The hardest restaurant to get into these days, according to Eater food critic Robert Sietsema is…The Restaurant at Gilder. “Not aware of it?” Sietsema asks. “It perches on the second floor of the American Museum of Natural History’s new Richard Gilder Center for Science, Education, and Innovation. The cave-like entrance to the center (dubbed the ‘exploration atrium’) looks like an ancient cliff-dweller’s apartment complex with yawning windows. The restaurant is only open from 11 a.m. to 3 p.m., so expect to dine at peak museum hours.” Read his review for more information.
Pickleball is making news again and it’s not good. First, Forbes reported that “Americans will spend between $250 million and $500 million in costs tied to pickleball injuries this year.” Who’s driving the breaks and tears and pulls and sprains? “According to one study….[t]he sport has become ‘an increasingly important cause of injury’ for seniors…” Then, there’s pickleball noise: “The incessant pop-pop-pop of the fast-growing sport has brought on a nationwide scourge of unneighborly clashes, petitions, calls to the police and lawsuits, with no solution in sight,” wrote The New York Times. “Two factors — the high pitch of a hard paddle slamming a plastic ball and the erratic, often frantic rhythm of the smacks — contribute to its uncanny ability to drive [those who live nearby] crazy.”

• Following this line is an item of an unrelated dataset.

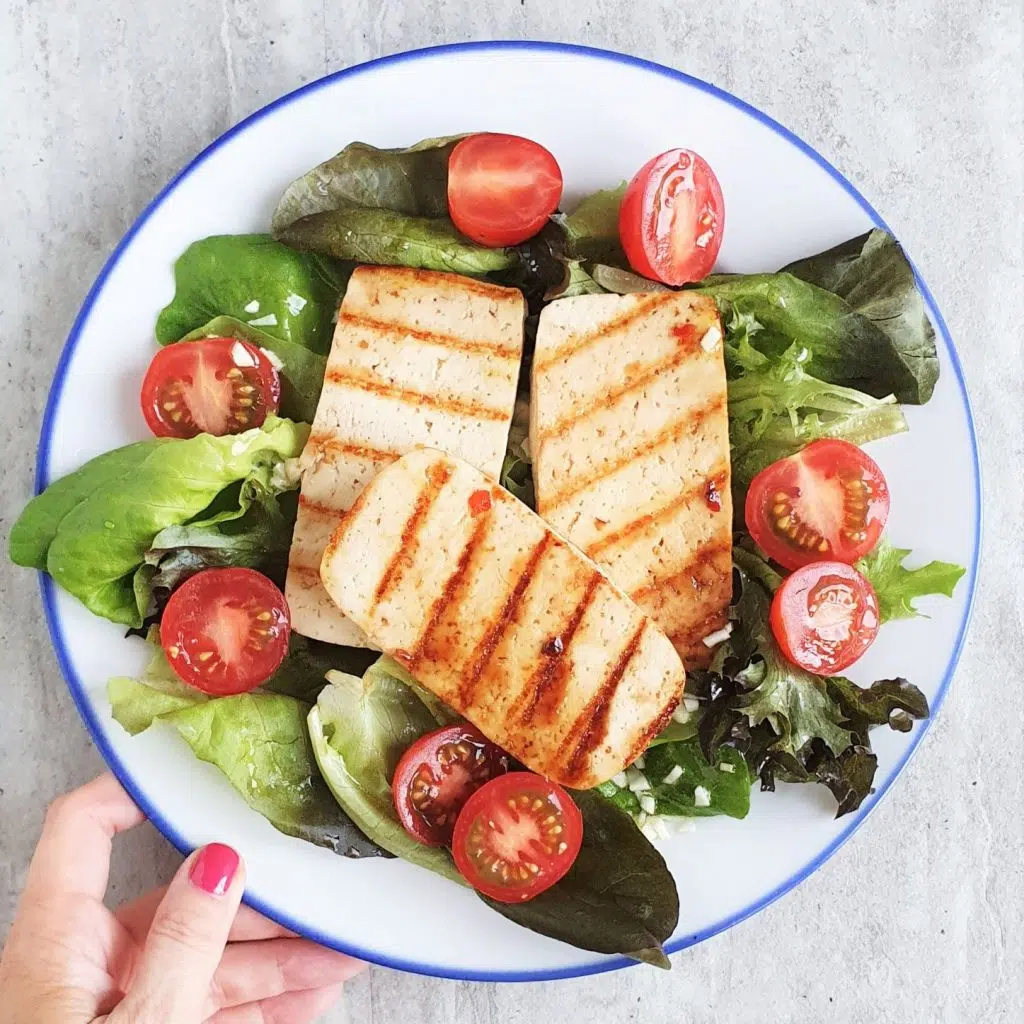 pomysł na bezmięsne danie z rusztu tofu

Finally, this last item from NPR has nothing to do with the Upper West Side, but begged to be shared: “Nassim Haddad was born laughing. ‘Everybody [is] born crying. I was born laughing. I am always laughing,’ he says. He laughed even when his restaurant al-Tannour was destroyed after the Lebanese civil war broke out in 1975. He soon began rebuilding and opened Chez Nassim, a shop serving Middle Eastern desserts like baklava, knafeh and more. The store still stands today. NPR contributor Ari Daniel is married to Haddad’s cousin.” Read “How to Laugh in the Face of Calamity” here.
Have a great week!
While I’m sure pickleball has created injuries, I’m hopeful that it increases seniors’ quality of life both physically and socially.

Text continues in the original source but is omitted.